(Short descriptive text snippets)
::::
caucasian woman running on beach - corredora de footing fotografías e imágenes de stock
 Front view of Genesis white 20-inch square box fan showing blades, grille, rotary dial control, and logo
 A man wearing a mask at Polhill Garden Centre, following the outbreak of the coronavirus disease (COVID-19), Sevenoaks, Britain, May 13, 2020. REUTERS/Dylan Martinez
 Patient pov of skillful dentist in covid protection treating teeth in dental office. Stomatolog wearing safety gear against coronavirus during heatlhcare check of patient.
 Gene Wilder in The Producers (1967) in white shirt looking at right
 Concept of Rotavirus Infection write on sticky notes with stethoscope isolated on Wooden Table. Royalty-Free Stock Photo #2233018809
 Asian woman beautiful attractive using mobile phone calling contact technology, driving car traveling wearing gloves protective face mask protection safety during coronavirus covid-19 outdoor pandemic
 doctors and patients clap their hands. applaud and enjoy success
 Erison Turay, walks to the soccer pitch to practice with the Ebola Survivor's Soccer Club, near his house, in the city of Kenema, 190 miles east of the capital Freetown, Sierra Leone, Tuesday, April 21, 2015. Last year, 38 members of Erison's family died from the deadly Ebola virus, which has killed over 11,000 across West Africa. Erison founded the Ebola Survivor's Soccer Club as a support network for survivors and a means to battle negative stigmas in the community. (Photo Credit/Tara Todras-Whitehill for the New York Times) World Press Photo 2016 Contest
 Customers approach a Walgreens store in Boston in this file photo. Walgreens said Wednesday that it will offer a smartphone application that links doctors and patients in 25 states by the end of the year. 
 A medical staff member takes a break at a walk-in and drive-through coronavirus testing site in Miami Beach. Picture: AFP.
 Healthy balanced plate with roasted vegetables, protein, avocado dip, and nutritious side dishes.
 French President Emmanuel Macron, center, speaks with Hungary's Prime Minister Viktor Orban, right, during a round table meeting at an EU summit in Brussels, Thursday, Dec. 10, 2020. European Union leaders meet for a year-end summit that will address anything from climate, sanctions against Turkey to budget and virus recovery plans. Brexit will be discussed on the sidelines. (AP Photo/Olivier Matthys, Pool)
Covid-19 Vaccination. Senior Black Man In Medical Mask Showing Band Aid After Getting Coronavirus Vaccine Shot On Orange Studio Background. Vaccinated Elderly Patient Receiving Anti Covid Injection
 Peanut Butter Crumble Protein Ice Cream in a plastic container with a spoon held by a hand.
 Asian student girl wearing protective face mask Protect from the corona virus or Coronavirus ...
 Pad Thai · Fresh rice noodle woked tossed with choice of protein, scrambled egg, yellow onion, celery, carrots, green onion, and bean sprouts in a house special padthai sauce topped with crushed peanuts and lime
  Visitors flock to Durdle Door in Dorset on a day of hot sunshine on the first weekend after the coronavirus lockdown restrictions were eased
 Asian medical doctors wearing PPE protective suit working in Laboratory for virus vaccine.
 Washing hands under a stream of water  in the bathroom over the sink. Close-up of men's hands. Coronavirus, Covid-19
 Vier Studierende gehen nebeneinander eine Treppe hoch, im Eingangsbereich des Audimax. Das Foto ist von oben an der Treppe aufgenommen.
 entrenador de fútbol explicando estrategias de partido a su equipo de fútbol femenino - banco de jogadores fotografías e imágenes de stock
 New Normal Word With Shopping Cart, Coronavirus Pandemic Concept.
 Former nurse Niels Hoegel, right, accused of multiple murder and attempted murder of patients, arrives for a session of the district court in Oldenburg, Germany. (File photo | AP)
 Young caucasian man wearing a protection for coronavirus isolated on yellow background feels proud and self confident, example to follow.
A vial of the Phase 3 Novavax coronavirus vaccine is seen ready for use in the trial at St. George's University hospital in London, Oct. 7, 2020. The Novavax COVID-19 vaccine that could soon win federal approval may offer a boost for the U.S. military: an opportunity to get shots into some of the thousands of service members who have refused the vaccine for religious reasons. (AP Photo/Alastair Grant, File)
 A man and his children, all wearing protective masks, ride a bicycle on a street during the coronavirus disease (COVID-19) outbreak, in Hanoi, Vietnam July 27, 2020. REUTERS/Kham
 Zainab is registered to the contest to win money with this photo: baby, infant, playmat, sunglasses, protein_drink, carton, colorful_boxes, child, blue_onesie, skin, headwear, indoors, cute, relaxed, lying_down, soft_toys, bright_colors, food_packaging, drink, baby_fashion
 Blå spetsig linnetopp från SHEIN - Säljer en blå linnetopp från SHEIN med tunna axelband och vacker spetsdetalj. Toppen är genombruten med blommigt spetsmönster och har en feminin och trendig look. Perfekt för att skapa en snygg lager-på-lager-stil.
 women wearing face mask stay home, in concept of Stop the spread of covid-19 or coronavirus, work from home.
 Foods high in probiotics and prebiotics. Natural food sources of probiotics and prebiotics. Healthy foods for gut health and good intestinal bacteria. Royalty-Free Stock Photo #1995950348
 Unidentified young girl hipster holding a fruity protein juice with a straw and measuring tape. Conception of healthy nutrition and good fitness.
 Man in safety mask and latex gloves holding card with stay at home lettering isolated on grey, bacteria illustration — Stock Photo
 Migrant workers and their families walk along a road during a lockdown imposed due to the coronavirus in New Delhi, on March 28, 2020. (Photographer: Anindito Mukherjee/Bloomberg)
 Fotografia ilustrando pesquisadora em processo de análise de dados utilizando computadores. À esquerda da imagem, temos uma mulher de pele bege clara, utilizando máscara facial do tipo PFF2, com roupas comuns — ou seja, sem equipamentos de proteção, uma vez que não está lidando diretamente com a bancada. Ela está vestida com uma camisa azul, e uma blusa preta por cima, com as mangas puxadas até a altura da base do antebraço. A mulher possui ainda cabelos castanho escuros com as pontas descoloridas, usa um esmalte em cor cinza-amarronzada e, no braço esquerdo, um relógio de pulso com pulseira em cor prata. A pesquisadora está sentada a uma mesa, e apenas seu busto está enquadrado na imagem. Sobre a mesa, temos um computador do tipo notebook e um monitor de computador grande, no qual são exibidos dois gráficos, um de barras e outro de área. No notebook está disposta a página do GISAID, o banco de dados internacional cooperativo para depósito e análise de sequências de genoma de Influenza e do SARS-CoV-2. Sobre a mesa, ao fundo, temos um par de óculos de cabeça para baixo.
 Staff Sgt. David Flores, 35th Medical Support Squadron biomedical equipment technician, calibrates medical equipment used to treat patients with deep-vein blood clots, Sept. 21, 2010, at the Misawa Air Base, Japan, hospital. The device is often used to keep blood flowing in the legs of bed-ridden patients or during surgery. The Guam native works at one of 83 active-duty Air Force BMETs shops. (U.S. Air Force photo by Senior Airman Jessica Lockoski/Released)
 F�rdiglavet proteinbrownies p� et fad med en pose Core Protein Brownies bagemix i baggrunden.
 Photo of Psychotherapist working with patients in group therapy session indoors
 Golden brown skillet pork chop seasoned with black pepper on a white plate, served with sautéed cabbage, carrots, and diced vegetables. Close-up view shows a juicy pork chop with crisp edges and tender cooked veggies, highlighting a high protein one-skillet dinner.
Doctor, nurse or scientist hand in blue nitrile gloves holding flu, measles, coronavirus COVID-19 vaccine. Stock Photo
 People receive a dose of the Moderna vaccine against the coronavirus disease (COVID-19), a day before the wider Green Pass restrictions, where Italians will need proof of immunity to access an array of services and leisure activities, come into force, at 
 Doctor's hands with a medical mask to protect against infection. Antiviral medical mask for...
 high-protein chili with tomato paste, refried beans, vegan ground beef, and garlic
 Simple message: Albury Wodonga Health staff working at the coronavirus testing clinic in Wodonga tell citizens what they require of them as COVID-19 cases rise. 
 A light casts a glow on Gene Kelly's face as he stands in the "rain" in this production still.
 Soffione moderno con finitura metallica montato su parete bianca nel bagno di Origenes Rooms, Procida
::::
§ **Task instructions**:
A word-for-word copy of all the entries above is required.

§ **Output**:
caucasian woman running on beach - corredora de footing fotografías e imágenes de stock
 Front view of Genesis white 20-inch square box fan showing blades, grille, rotary dial control, and logo
 A man wearing a mask at Polhill Garden Centre, following the outbreak of the coronavirus disease (COVID-19), Sevenoaks, Britain, May 13, 2020. REUTERS/Dylan Martinez
 Patient pov of skillful dentist in covid protection treating teeth in dental office. Stomatolog wearing safety gear against coronavirus during heatlhcare check of patient.
 Gene Wilder in The Producers (1967) in white shirt looking at right
 Concept of Rotavirus Infection write on sticky notes with stethoscope isolated on Wooden Table. Royalty-Free Stock Photo #2233018809
 Asian woman beautiful attractive using mobile phone calling contact technology, driving car traveling wearing gloves protective face mask protection safety during coronavirus covid-19 outdoor pandemic
 doctors and patients clap their hands. applaud and enjoy success
 Erison Turay, walks to the soccer pitch to practice with the Ebola Survivor's Soccer Club, near his house, in the city of Kenema, 190 miles east of the capital Freetown, Sierra Leone, Tuesday, April 21, 2015. Last year, 38 members of Erison's family died from the deadly Ebola virus, which has killed over 11,000 across West Africa. Erison founded the Ebola Survivor's Soccer Club as a support network for survivors and a means to battle negative stigmas in the community. (Photo Credit/Tara Todras-Whitehill for the New York Times) World Press Photo 2016 Contest
 Customers approach a Walgreens store in Boston in this file photo. Walgreens said Wednesday that it will offer a smartphone application that links doctors and patients in 25 states by the end of the year. 
 A medical staff member takes a break at a walk-in and drive-through coronavirus testing site in Miami Beach. Picture: AFP.
 Healthy balanced plate with roasted vegetables, protein, avocado dip, and nutritious side dishes.
 French President Emmanuel Macron, center, speaks with Hungary's Prime Minister Viktor Orban, right, during a round table meeting at an EU summit in Brussels, Thursday, Dec. 10, 2020. European Union leaders meet for a year-end summit that will address anything from climate, sanctions against Turkey to budget and virus recovery plans. Brexit will be discussed on the sidelines. (AP Photo/Olivier Matthys, Pool)
Covid-19 Vaccination. Senior Black Man In Medical Mask Showing Band Aid After Getting Coronavirus Vaccine Shot On Orange Studio Background. Vaccinated Elderly Patient Receiving Anti Covid Injection
 Peanut Butter Crumble Protein Ice Cream in a plastic container with a spoon held by a hand.
 Asian student girl wearing protective face mask Protect from the corona virus or Coronavirus ...
 Pad Thai · Fresh rice noodle woked tossed with choice of protein, scrambled egg, yellow onion, celery, carrots, green onion, and bean sprouts in a house special padthai sauce topped with crushed peanuts and lime
  Visitors flock to Durdle Door in Dorset on a day of hot sunshine on the first weekend after the coronavirus lockdown restrictions were eased
 Asian medical doctors wearing PPE protective suit working in Laboratory for virus vaccine.
 Washing hands under a stream of water  in the bathroom over the sink. Close-up of men's hands. Coronavirus, Covid-19
 Vier Studierende gehen nebeneinander eine Treppe hoch, im Eingangsbereich des Audimax. Das Foto ist von oben an der Treppe aufgenommen.
 entrenador de fútbol explicando estrategias de partido a su equipo de fútbol femenino - banco de jogadores fotografías e imágenes de stock
 New Normal Word With Shopping Cart, Coronavirus Pandemic Concept.
 Former nurse Niels Hoegel, right, accused of multiple murder and attempted murder of patients, arrives for a session of the district court in Oldenburg, Germany. (File photo | AP)
 Young caucasian man wearing a protection for coronavirus isolated on yellow background feels proud and self confident, example to follow.
A vial of the Phase 3 Novavax coronavirus vaccine is seen ready for use in the trial at St. George's University hospital in London, Oct. 7, 2020. The Novavax COVID-19 vaccine that could soon win federal approval may offer a boost for the U.S. military: an opportunity to get shots into some of the thousands of service members who have refused the vaccine for religious reasons. (AP Photo/Alastair Grant, File)
 A man and his children, all wearing protective masks, ride a bicycle on a street during the coronavirus disease (COVID-19) outbreak, in Hanoi, Vietnam July 27, 2020. REUTERS/Kham
 Zainab is registered to the contest to win money with this photo: baby, infant, playmat, sunglasses, protein_drink, carton, colorful_boxes, child, blue_onesie, skin, headwear, indoors, cute, relaxed, lying_down, soft_toys, bright_colors, food_packaging, drink, baby_fashion
 Blå spetsig linnetopp från SHEIN - Säljer en blå linnetopp från SHEIN med tunna axelband och vacker spetsdetalj. Toppen är genombruten med blommigt spetsmönster och har en feminin och trendig look. Perfekt för att skapa en snygg lager-på-lager-stil.
 women wearing face mask stay home, in concept of Stop the spread of covid-19 or coronavirus, work from home.
 Foods high in probiotics and prebiotics. Natural food sources of probiotics and prebiotics. Healthy foods for gut health and good intestinal bacteria. Royalty-Free Stock Photo #1995950348
 Unidentified young girl hipster holding a fruity protein juice with a straw and measuring tape. Conception of healthy nutrition and good fitness.
 Man in safety mask and latex gloves holding card with stay at home lettering isolated on grey, bacteria illustration — Stock Photo
 Migrant workers and their families walk along a road during a lockdown imposed due to the coronavirus in New Delhi, on March 28, 2020. (Photographer: Anindito Mukherjee/Bloomberg)
 Fotografia ilustrando pesquisadora em processo de análise de dados utilizando computadores. À esquerda da imagem, temos uma mulher de pele bege clara, utilizando máscara facial do tipo PFF2, com roupas comuns — ou seja, sem equipamentos de proteção, uma vez que não está lidando diretamente com a bancada. Ela está vestida com uma camisa azul, e uma blusa preta por cima, com as mangas puxadas até a altura da base do antebraço. A mulher possui ainda cabelos castanho escuros com as pontas descoloridas, usa um esmalte em cor cinza-amarronzada e, no braço esquerdo, um relógio de pulso com pulseira em cor prata. A pesquisadora está sentada a uma mesa, e apenas seu busto está enquadrado na imagem. Sobre a mesa, temos um computador do tipo notebook e um monitor de computador grande, no qual são exibidos dois gráficos, um de barras e outro de área. No notebook está disposta a página do GISAID, o banco de dados internacional cooperativo para depósito e análise de sequências de genoma de Influenza e do SARS-CoV-2. Sobre a mesa, ao fundo, temos um par de óculos de cabeça para baixo.
 Staff Sgt. David Flores, 35th Medical Support Squadron biomedical equipment technician, calibrates medical equipment used to treat patients with deep-vein blood clots, Sept. 21, 2010, at the Misawa Air Base, Japan, hospital. The device is often used to keep blood flowing in the legs of bed-ridden patients or during surgery. The Guam native works at one of 83 active-duty Air Force BMETs shops. (U.S. Air Force photo by Senior Airman Jessica Lockoski/Released)
 F�rdiglavet proteinbrownies p� et fad med en pose Core Protein Brownies bagemix i baggrunden.
 Photo of Psychotherapist working with patients in group therapy session indoors
 Golden brown skillet pork chop seasoned with black pepper on a white plate, served with sautéed cabbage, carrots, and diced vegetables. Close-up view shows a juicy pork chop with crisp edges and tender cooked veggies, highlighting a high protein one-skillet dinner.
Doctor, nurse or scientist hand in blue nitrile gloves holding flu, measles, coronavirus COVID-19 vaccine. Stock Photo
 People receive a dose of the Moderna vaccine against the coronavirus disease (COVID-19), a day before the wider Green Pass restrictions, where Italians will need proof of immunity to access an array of services and leisure activities, come into force, at 
 Doctor's hands with a medical mask to protect against infection. Antiviral medical mask for...
 high-protein chili with tomato paste, refried beans, vegan ground beef, and garlic
 Simple message: Albury Wodonga Health staff working at the coronavirus testing clinic in Wodonga tell citizens what they require of them as COVID-19 cases rise. 
 A light casts a glow on Gene Kelly's face as he stands in the "rain" in this production still.
 Soffione moderno con finitura metallica montato su parete bianca nel bagno di Origenes Rooms, Procida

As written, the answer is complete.